I had a student just unexpectedly move.
I should be used to this.
I should know that this happens more often than I’d like.
But it still breaks my heart a little.
You see, this kiddo was the bane of my existence for the past 7 months…when he actually showed up to school anyways…
He spent the first three months of school arriving an hour late, then refusing to come into the classroom, then ripping up any work I tried to get him to do. While I was teaching he would spend his time rolling around in my doorway hollering about going home. Then he would get picked up an hour before the end of the day and we’d start over a couple days later when he came back to school.
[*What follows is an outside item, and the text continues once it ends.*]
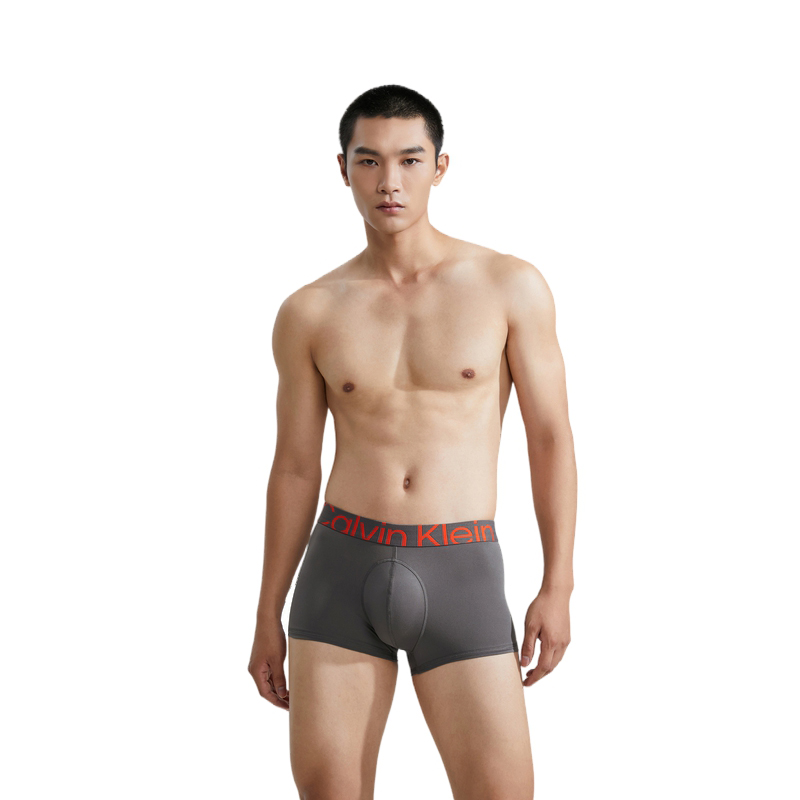 CKCalvin Klein FW23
(No. This child was not the biggest behavior issue in my class this year…)
I love this kid.
He tried to be unlovable. He told me he didn’t like me or school. At least once a day. He said “no” to everything I said to him. He shouted, he threw things, he silently cried his way through the day.
But I kept on loving him.
Every morning he scowled as he entered the classroom. And every morning we cheered at his arrival, smiled, and greeted him with excitement.
By mid-winter, he still came to school super crabby, saying he hated this school; but by afternoon he was begging to stay at school. He started calling me, “Mom”.
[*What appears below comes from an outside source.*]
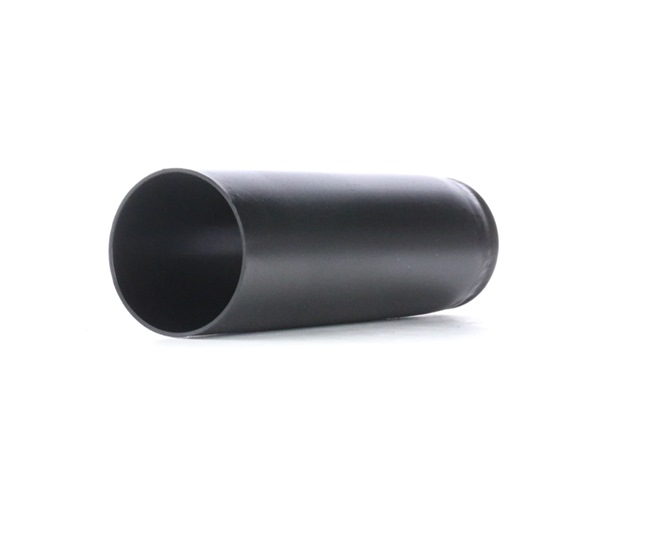 Caperuza protectora / fuelle, amortiguador FEBI BILSTEIN 22142 para SEAT TOLEDO 2006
He made me a birthday card and said in it that he thinks I’m funny. Which was awesome, since he had barely ever smiled in my direction. I knew deep down inside he liked me
He was starting to learn to ask for help when he needed it, instead of balling up his paper and having a tantrum.
He was starting to participate in games instead of quietly glaring at me and saying no when a classmate tried to throw a ball to him.
He went to a classmate’s birthday party and was making friends.
We saw more smiles and less scowls.
He didn’t talk about hating himself anymore.
Then yesterday I got a note from the office to turn in his cumulative folder because he would no longer be attending our school.
No warning. No goodbyes.
My heart breaks a little. I hope that he doesn’t start back at square one at his new school. It is May. He doesn’t have 7 months to adjust again. And I hope he remembers his teachers who care about him regardless of his behavior or his response. We just care. I hope we made a difference in his life.
Goodbye, kiddo! Our days are easier, but we’d rather have you in them.